Klein Ashton Kubiak (born July 1, 1991) is an American professional football executive who is a national scout for the Dallas Cowboys of the National Football League (NFL).

== Early life ==
Kubiak was born on July 1, 1991, in Houston, Texas. He attended high school at Strake Jesuit College Preparatory where he played football and baseball. After graduating high school, Kubiak attended Rice where he played wide receiver for four years. During his time at Rice, he primarily served as a holder for future NFL All-Pro kicker Chris Boswell. Prior to his junior year of college, Kubiak served as a salary cap intern for the Houston Texans. The following summer, he took a finance internship with the McNair Group.

== Executive career ==

=== Denver Broncos ===
After graduating from Rice, Kubiak joined the Denver Broncos front office in 2014 as a personnel intern. The following year, he was promoted to personnel assistant. In this role he was tasked with evaluating pro prospects, creating advance scouting reports, and scouting colleges in Colorado and Wyoming.

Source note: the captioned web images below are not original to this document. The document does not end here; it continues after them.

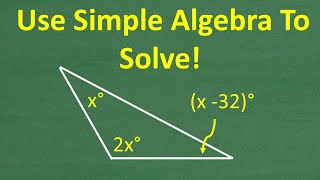 Find the 3 missing angles in the triangle  - Geometry Triangle Practice Problem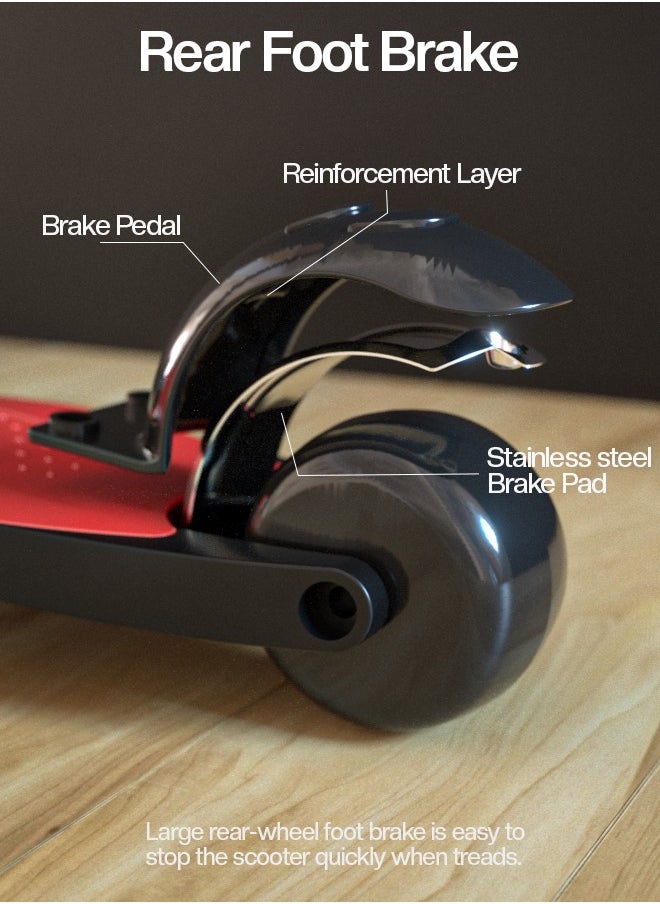 BAYBEE Alpha Skate Scooter For Kids 3 Wheel Kids Scooter With Foldable 4 Height Adjustable Handle Baby Scooter With Led Pu Wheels Smart Kick Scooter For Children'S 3 To 10 Years Boys Girls Red  - Image 5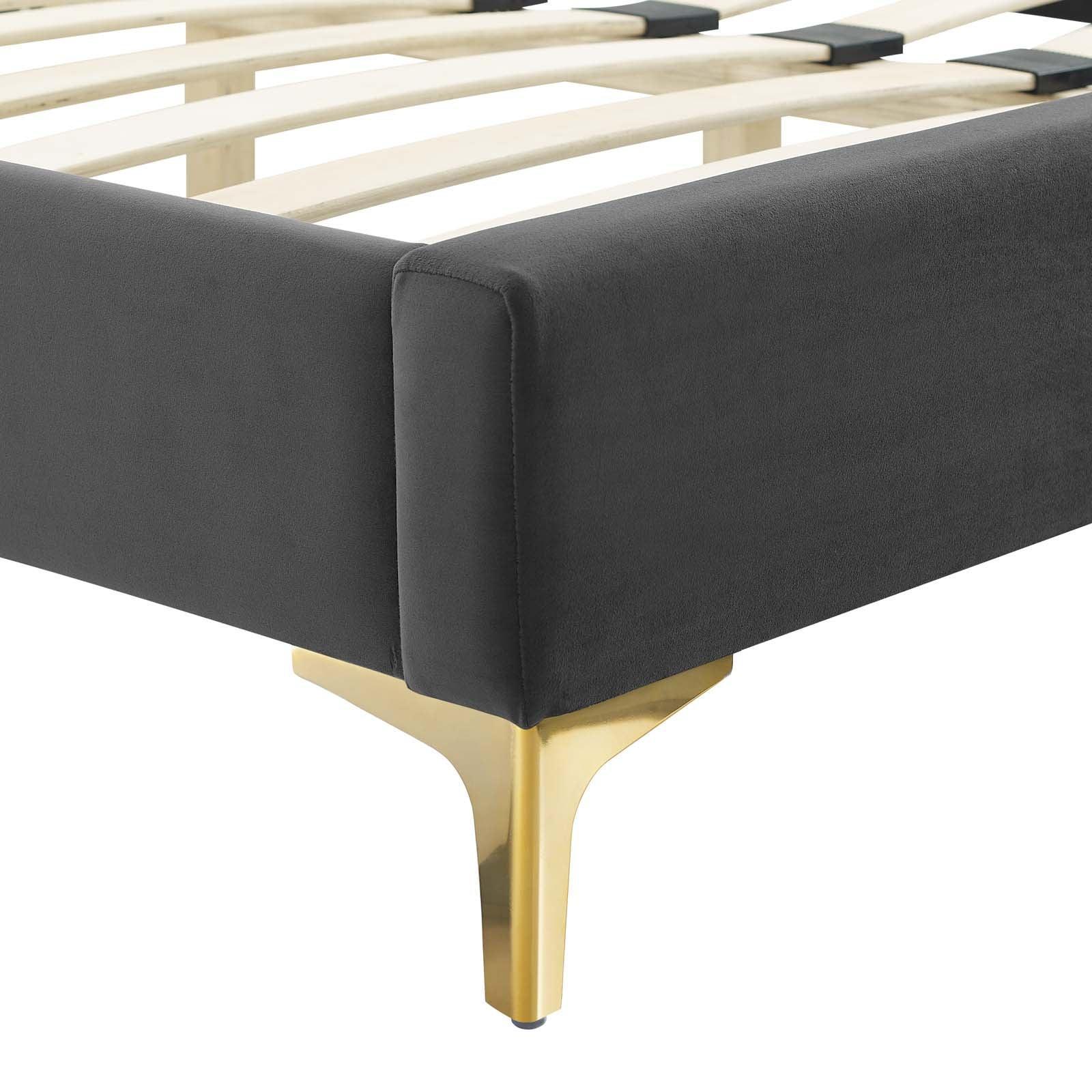 Amber Performance Velvet Queen Platform Bed, MOD-6775 FredCo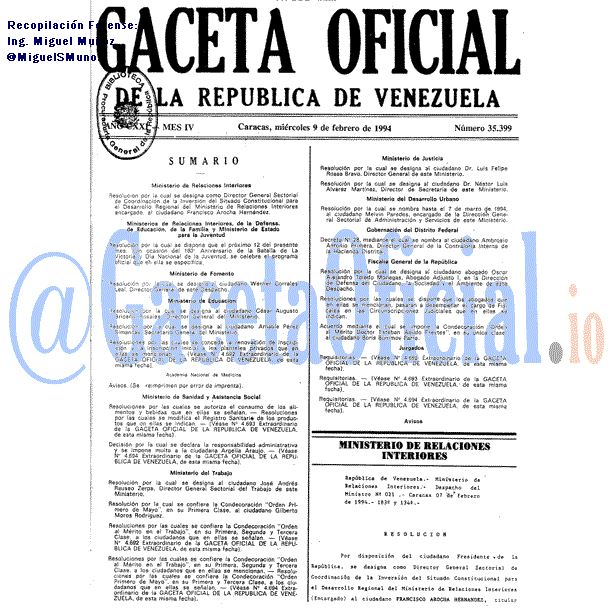 Gaceta Oficial 35399 del 9 Febrero 1994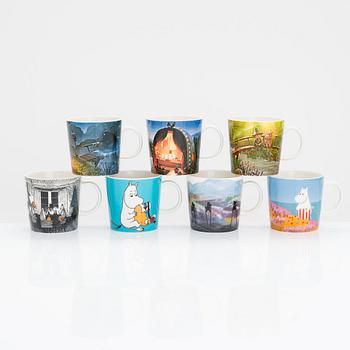 Muminmuggar, 7 st, porslin, Moomin Characters, Arabia.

The following year, Kubiak was promoted to serve as the Bronco's southwest area scout, a role he remained in through 2018.

=== Dallas Cowboys ===
In 2019, the Broncos chose to not renew Kubiak's contract leading to him taking a job with the Dallas Cowboys as a midwest area scout. In 2022, Kubiak was promoted to the role of national scout and special projects. In this role, he was charged evaluating top college prospects every year after their initial evaluation by an area scout.

== Personal life ==
Kubiak is the son of former Houston Texans and Denver Broncos head coach Gary Kubiak. He is the brother of Las Vegas Raiders head coach Klint Kubiak and San Francisco 49ers offensive coordinator Klay Kubiak. His uncle David Pierce is the head baseball coach of the Rice Owls.

Kubiak graduated from Rice in 2013 with a degree in sports management.